Last month, the city learned that the EPA filed a federal lawsuit and consent decree against Global Partners LP, a Fortune 500 company that operates a fuel storage facility on the banks of the Fore River.
The EPA charged Global with violating the federal Clean Air Act and its emissions license issued by the Maine Department of Environmental Protection. Global and Maine DEP officials dispute the EPA’s findings, but the lawsuit has called attention to a variety of pollution, odor, traffic and other community concerns related to more than 100 bulk oil storage tanks and other petroleum facilities in the city.
The city has hired a second set of lawyers to respond to the EPA lawsuit and consent decree. And after hearing unanimous calls for action at two recent public meetings on the issue, the city is developing plans to establish its own air-quality monitoring program.
“The situation with Global has emphasized that we really need to be doing it ourselves because we don’t want surprises,” said Morgan, South Portland’s mayor. “This is happening in our own backyards.”
MAINE’S ‘GREENEST’ CITY?
Asked if South Portland’s environmental activism makes it the “greenest” city in Maine, Morgan declined to quantify what he said really cannot be measured.
Morgan noted that the city has been on a path to sustainability since 2007, the last time he was mayor, when the city signed onto the U.S. Mayors Climate Protection agreement, which set a goal to reduce carbon emissions below 1990 levels.
South Portland’s Municipal Climate Action Plan, adopted in 2014, called for city operations to reduce greenhouse gas emissions 17 percent by 2017, which the city exceeded by 6 percentage points in advance of the deadline.
Now, the city aims to use 100 percent clean renewable energy for municipal operations by 2040, and to reduce greenhouse gas emissions 80 percent citywide by 2050 through increased efficiency, conservation and renewable energy initiatives.
Another citywide goal is to increase South Portland’s recycling rate from about 29 percent to 40 percent by 2020 through a campaign to encourage purposeful buying, reuse, recycling and composting.
With the statewide municipal coalition, Rosenbach is promoting the following legislative initiatives:
• Revise net metering rules so municipal solar arrays can exceed the current 660-kilowatt size limit and have more than nine off-site meters or users, among other changes.
• Update Maine’s Uniform Building and Energy Code so cities and towns can develop so-called stretch codes, which phase in stricter requirements for energy-efficient construction.
• Improve access to energy-use data from utility companies for municipalities that have adopted so-called benchmarking ordinances, including Portland and South Portland.
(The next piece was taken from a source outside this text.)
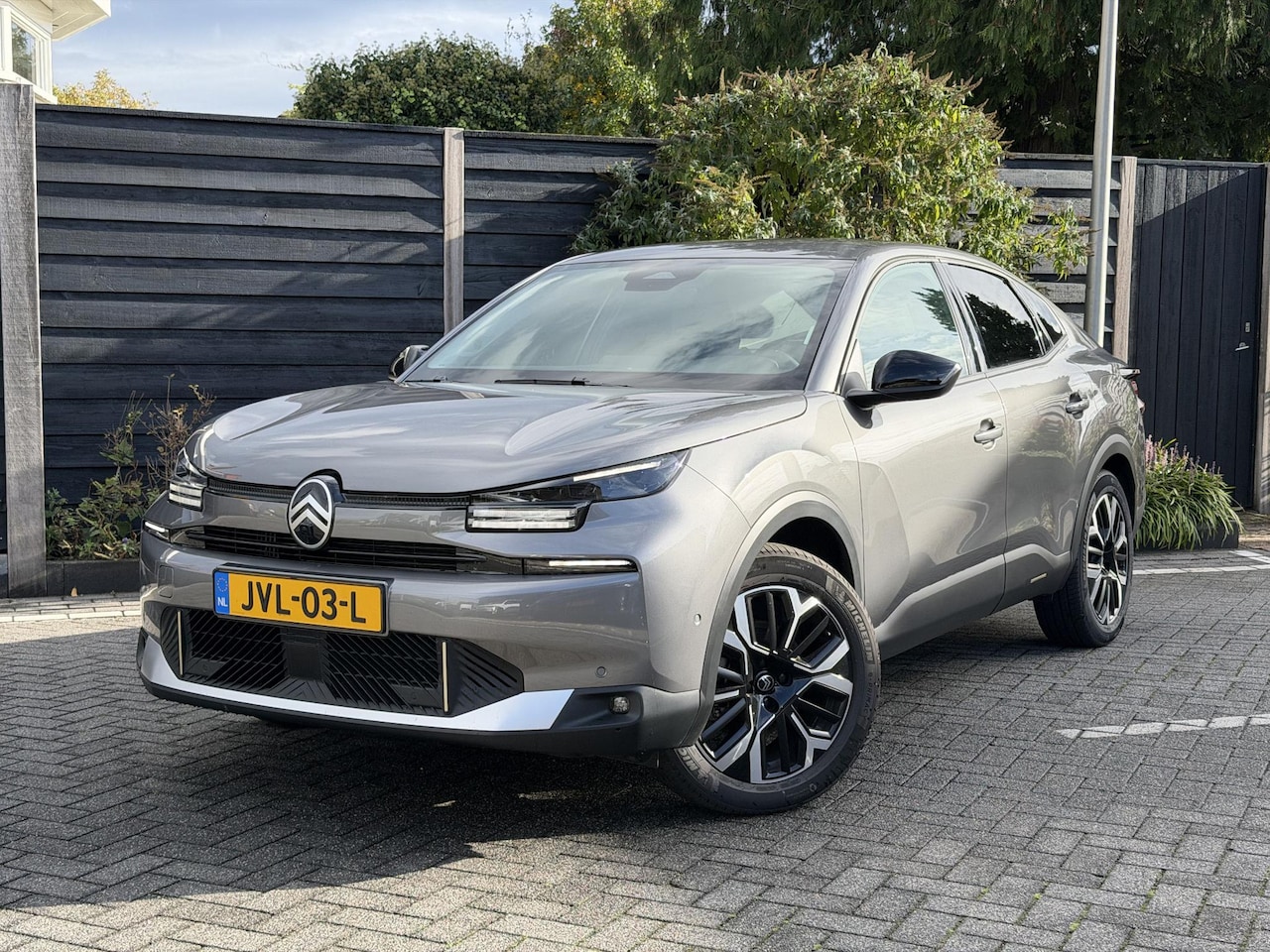 Citroën C4 X - Max 1.2 Hybrid 145PK e-DCS6 Automaat Navigatie, Achteruitrijcamera, Keyless, Stoelverwarmi - AutoWereld.nl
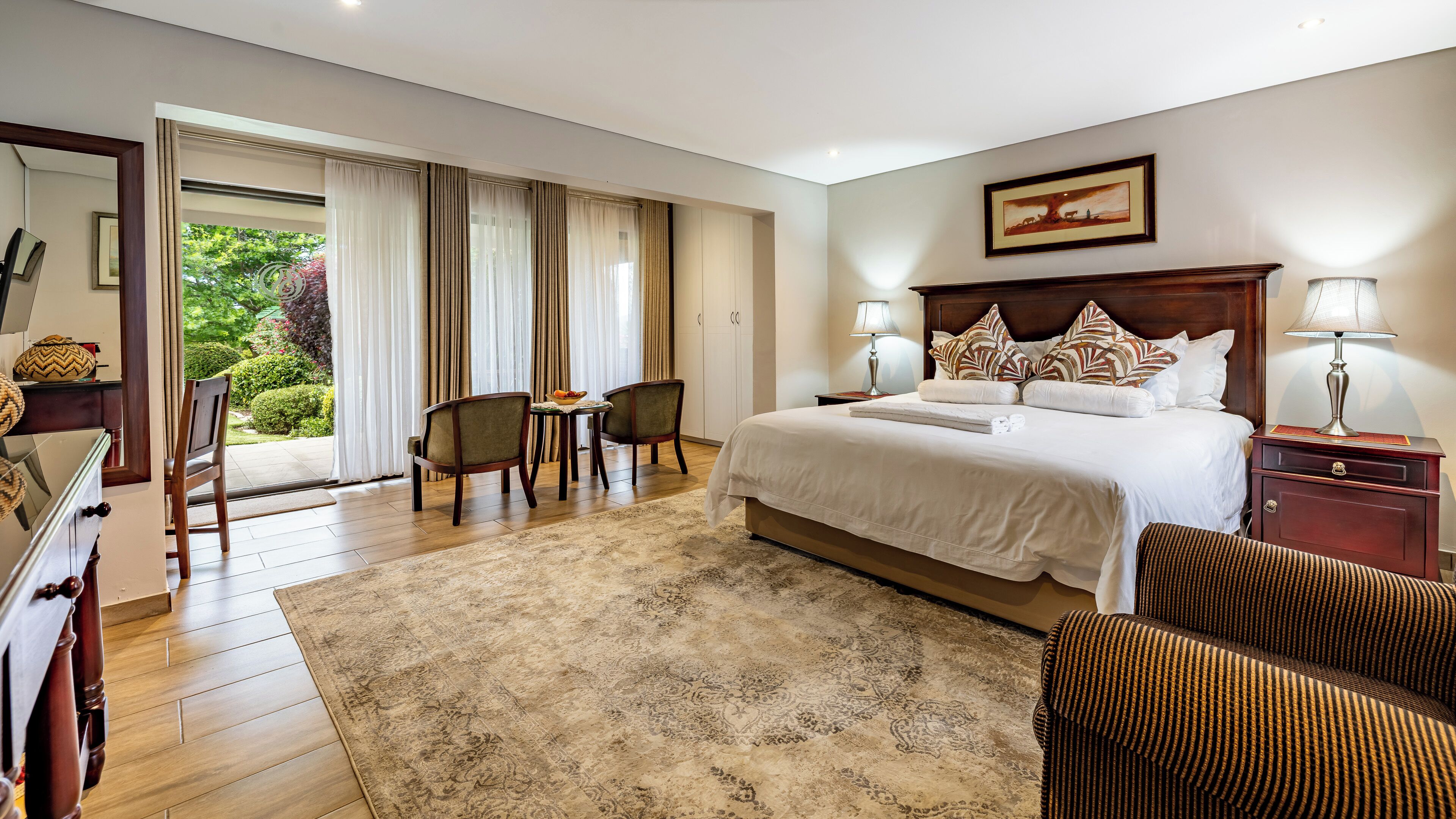 أغطية فراش متميزة وخزنة داخل الغرفة وبديكورات فريدة لكل غرفة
This would allow them to more easily monitor energy consumption in large buildings and provide incentives for business owners to make energy-efficient renovations.
CHANGE IS DIFFICULT
Not everyone likes what South Portland is doing. Online comments on news stories indicate that some people see the city’s fight against the pipeline and its effort to curb petroleum pollution as foolish, anti-business and wasting tax dollars.
Some business owners said they opposed benchmarking because they don’t want to share their energy information or be forced to upgrade their buildings. Some homeowners said they don’t want the city telling them what chemicals they can use in their yards.
Morgan and Rosenbach are convinced by the turnout at public meetings and the feedback they get on the street that the vast majority of residents support the city’s efforts. A local citizens group, Protect South Portland, actively campaigns for various sustainability initiatives and its members have contributed a significant amount of money to fight the pipeline lawsuit.
“(Opposition is) a realistic part of change,” Rosenbach said. “I totally understand people have their own perspectives. But I think most people want to live in a sustainable community. So I try to approach my job in a practical way. I try to meet people where they are and move them forward.”